At 2007-04-24 07:00 -0700, David RR Webber \(XML\) wrote:
>Good work - this is always a task to ensure everything is consistent.
>
>I noticed this little innocuous line ; -)
>
>  - use of UTF-8 encoding for all XML artefacts
>
>Which way did you go on country names?  Some had accented characters 
>- are those now just plain characters?

I didn't change the repertoire of characters, David, only the encoding.

>Just curious....

This came to me the last time I taught my XML syntax class just recently.

An XML document without an XML declaration with encoding is 
interpreted by a receiving system in any default encoding triggered 
by a higher-level protocol (if present).  It is a surprise to 
students to hear that UTF-8 is *not* necessarily the default encoding 
when an XML document does not have an XML declaration, though the 
default happens to be UTF-8 in most cases because higher-level 
protocols are not in play:

   http://www.w3.org/TR/2006/REC-xml-20060816/#charencoding

So the default encoding can be at the whim of any higher-level 
protocols that might be engaged to transmit the document (I'm 
thinking here perhaps of a Shift-JIS assumption in a Japanese 
transmission).  So there is an infinitesimal but not impossible risk 
of mismatch if I published committee artefacts without an XML declaration.

An XML document with an XML declaration with encoding declares the 
document is in the specific encoding mentioned ... so having this 
removes any risk in that regard.

But conformant XML processors are only required to support UTF-8 and 
UTF-16.  Some of the encodings I was using for convenience and for 
manual data entry were US-ASCII and ISO-8879-1.  While I'm sure most 
XML processors would support these, as an international standards 
artefact I thought it best to make no assumptions about the XML 
processors that might be working with the documents.  Again an 
infinitesimal but not impossible risk of a user not being able to 
function with the artefacts.

So, summed together, that indicates that committee-published artefacts:

  (1) - should have an XML declaration for encoding; and
  (2) - should declare the use of UTF-8 and UTF-16.

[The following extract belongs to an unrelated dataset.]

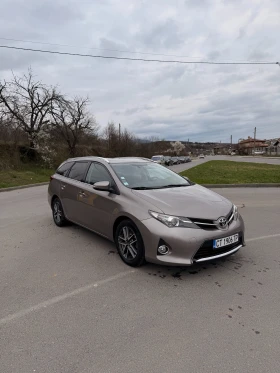 Toyota Auris, снимка 2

When I came to that conclusion on my own that reminded me (Doh!) that 
there are two "additional document constraints" in UBL that say 
exactly the same thing and I didn't have to go figuring this all out on my own:

   http://docs.oasis-open.org/ubl/os-UBL-2.0/UBL-2.0.html#d0e3610
   [IND2] All UBL instance documents MUST identify their character
   encoding within the XML declaration.
   [IND3] In conformance with ISO IEC ITU UN/CEFACT eBusiness
   Memorandum of Understanding Management Group (MOUMG) Resolution
   01/08 (MOU/MG01n83) as agreed to by OASIS, all UBL XML SHOULD be
   expressed using UTF-8.

So ... an XML document with accented letters in country names, 
expressed in UTF-8 encoding, still has accented letters in country 
names because the UTF-8 encoding encodes the entire Unicode 
repertoire and those accented letters are in the repertoire.

Thankfully, encoding is orthogonal to repertoire and the encoding 
decision does not impose any restrictions on characters needed in an 
XML document.

I'll continue to use US-ASCII and ISO-8879-1 for my internal work (my 
editing software doesn't support UTF-8), but as I'm touching more 
documents I'm producing for external consumption, the more careful 
I'm trying to be about explicitly having an XML declaration for UTF-8 
encoding.  I can write in my own encoding and use an XSLT identity 
transform to convert any of my files into UTF-8 for publishing as a 
committee document.

I hope this helps understand my rationale.  I apologize if it sounds 
pedantic, but I felt it necessary for the archive to spell out the 
reasoning so that readers understand the decision was not made lightly.